Another interesting thing is to see how limits on the fitting
parameter influences the contour. To do that, you need to use so
called minimizer spec -- a short description about parameters in YAML
format. It's passed to the ``minimizer`` command with ``-s``
option. To limit ``peak.Mu`` in ``[0; 100]`` bounds, modify all
minimizers with ``peak.Mu`` in the following way:
  
.. code-block:: bash

  -- minimizer -s '{peak.Mu: {limits: [0, 100]}}' global_minimizer minuit \
  first_analysis_chi2 peak.Mu

Don't forget to check the details (and look for other possible
options) in ``gna.minimizers.spec``.

To make two-dimensional Feldman-Cousins contours you can use all the
same machinery, just specify the correct parameters in minimizers and
corresponding grids. But to save some computation time, you also can
try to produce fcmap only in region where you expect your contour to
be, for example by selecting the points of the standard chi-squared
contour plus some margin.
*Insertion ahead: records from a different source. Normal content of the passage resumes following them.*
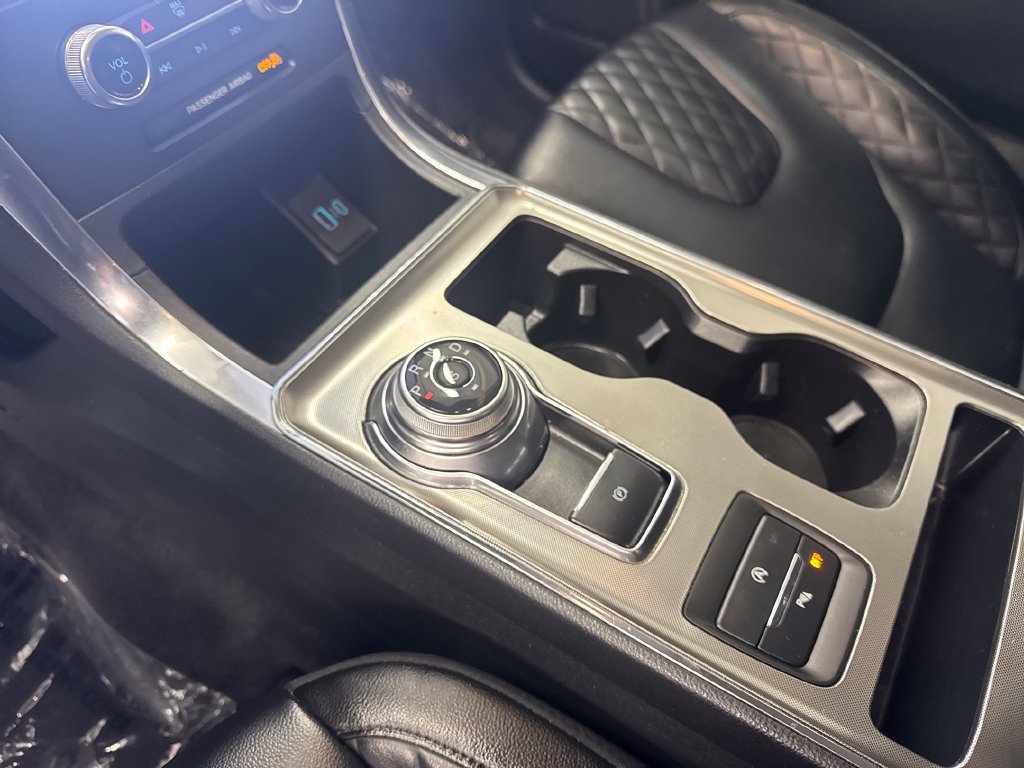Used 2023 Ford Edge Titanium AWD/4WD image 25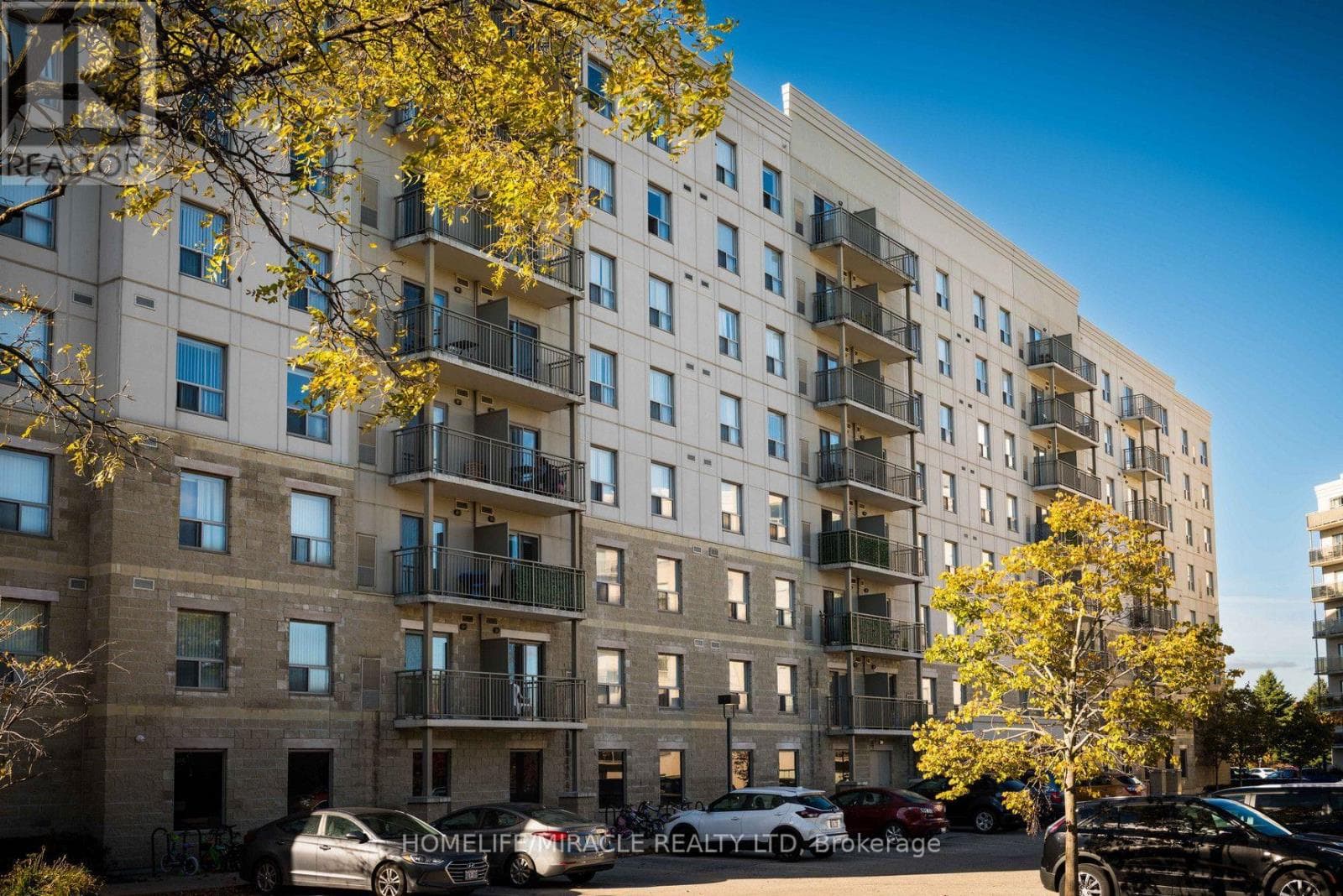 239 Auburn Drive Unit 818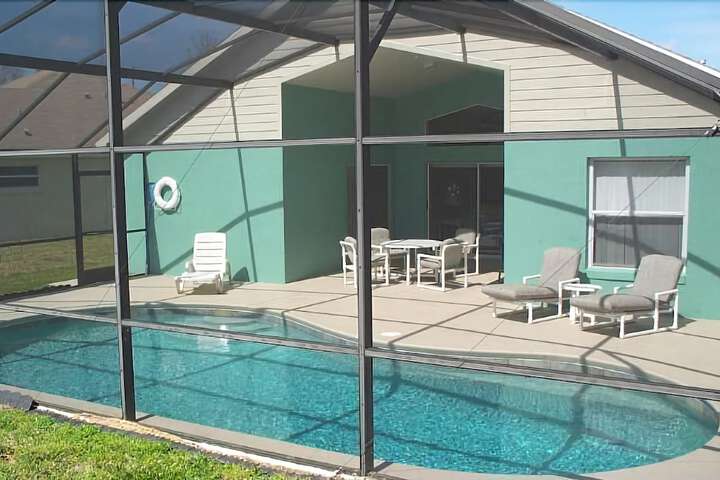 Pool 15 of 23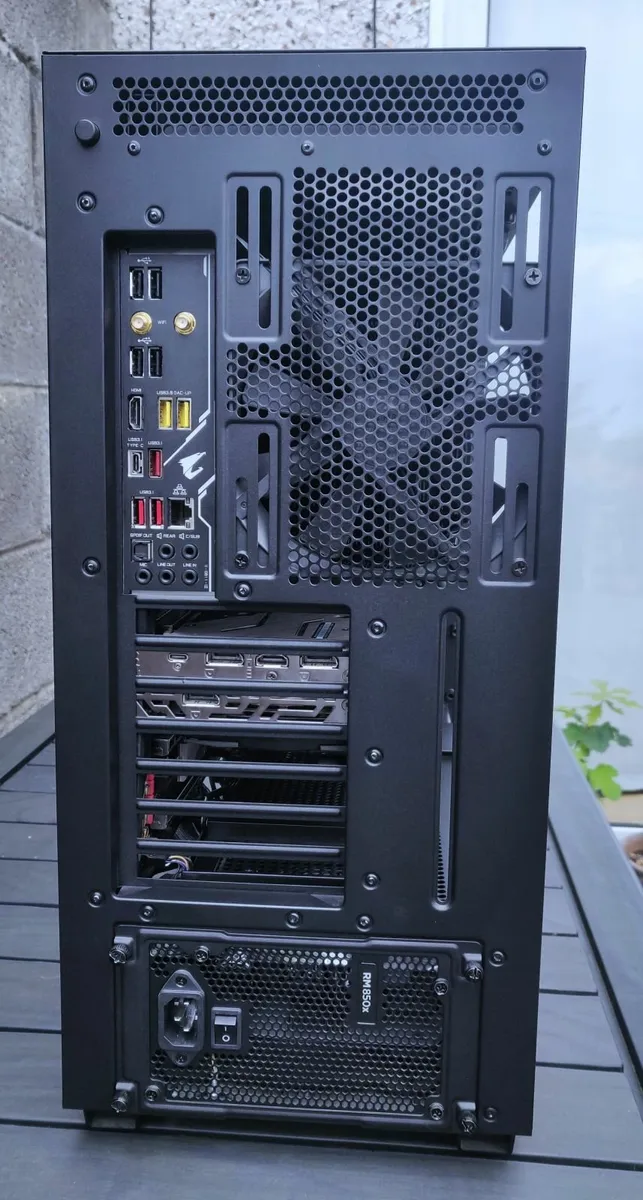 1440p Gaming PC - RTX 2080 Super - Intel i9-9900KF - Image 3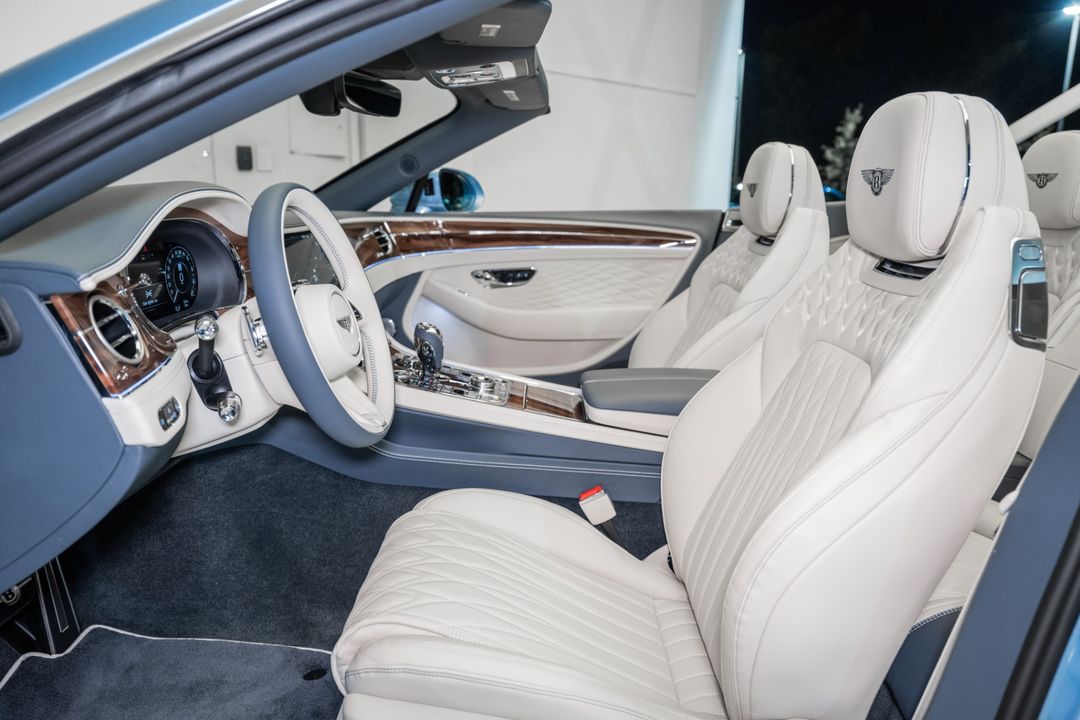 2026 BENTLEY CONTINENTAL GTC AZURE V8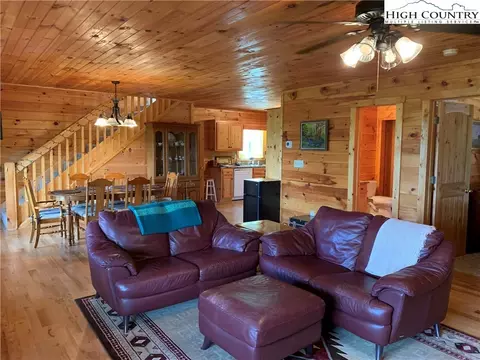 305 Wolf Pen Rd, Purlear, NC 28665 photo 24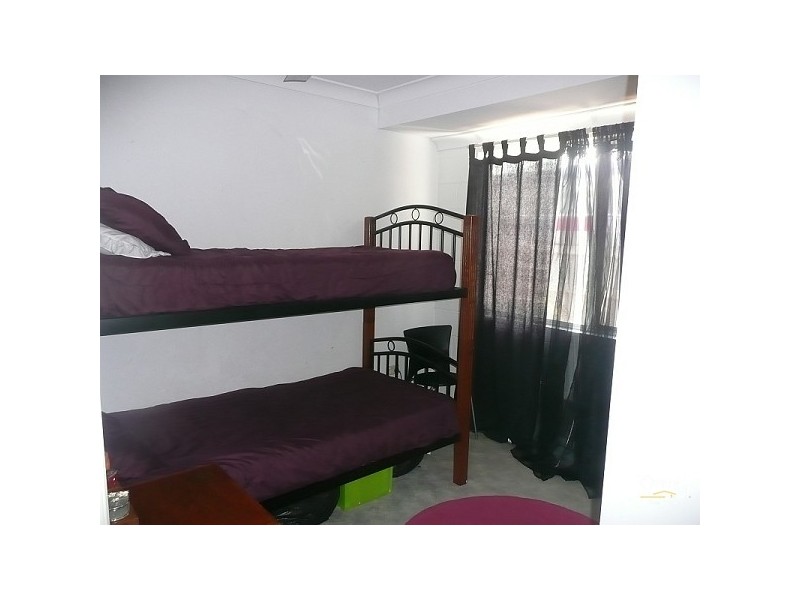 8 Faulkner Street, Burdell QLD 4818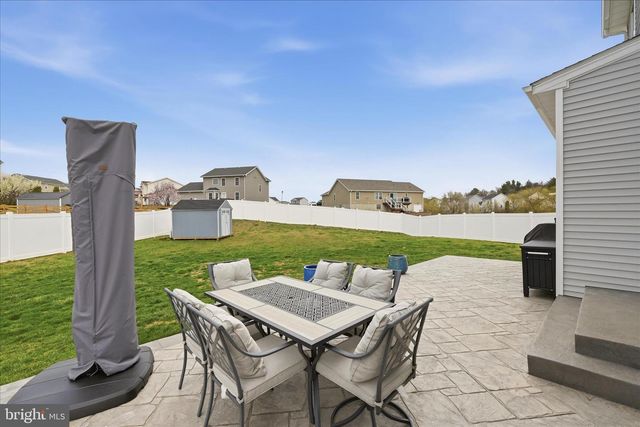 259 TWICKENHAM DR, Martinsburg, WV 25403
It can be done by saving the interesting
points list to a file and giving it to the ``scan`` as input with the
``--points`` argument. The points list may be produced by the
``contour``. For example:

.. code-block:: bash

  contour --chi2 /tmp/peak_scan.hdf5 --plot chi2ci 1s 2s --minimizer \
  first_analysis_minimizer  --show --points chi2ci 1s --savepoints /tmp/peak_points.hdf5

The given command will save to the file ``/tmp/peak_points.hdf5`` the
points around 1 sigma contour (check it in ``hdf-java``). The width of
band around the contour may be controlled by two additional numbers
to ``--points`` -- inside and outside width. They have no definite
meaning, just larger value means wider band in the corresponding
direction. The default values are ``0.05 0.05``. When the file is
generated, just pass its path to the ``scan`` instead of all the
``--grid``-s.

Finally, you will definitely want to run the Feldman-Cousins scanning
on a cluster utilizing a lot of CPU cores. You can efficiently split
the tasks by the points utilizing the ``--pointsrange`` argument to
the ``scan``. It takes up to three integer, which are interpreted as
python indexing or slice: ``[a]``, ``[a:b]`` or ``[a:b:c]`` on the
linearized list of all points in file, given by
``--points``. Alternatively, you can specify interesting points
directly by given several points path in form ``--pointspath path1
path2 ...``, where path is just numerical values of parameters (in the
same order as in the points file). The points file is still
required. Finally, you can split by samples number. After you'll get a
lot of splitted scan results, you should merge them into one file
before processing with ``fcmap`` by using ``fcmerge``:

.. code-block:: bash
   
  python ./gna fcmerge --fcscan fcfile1 fcfile2 ... --output mergedfile

where ``fcfile``-s are partial scan outputs and ``mergedfile`` is the
final output to be passed to ``fcmap``.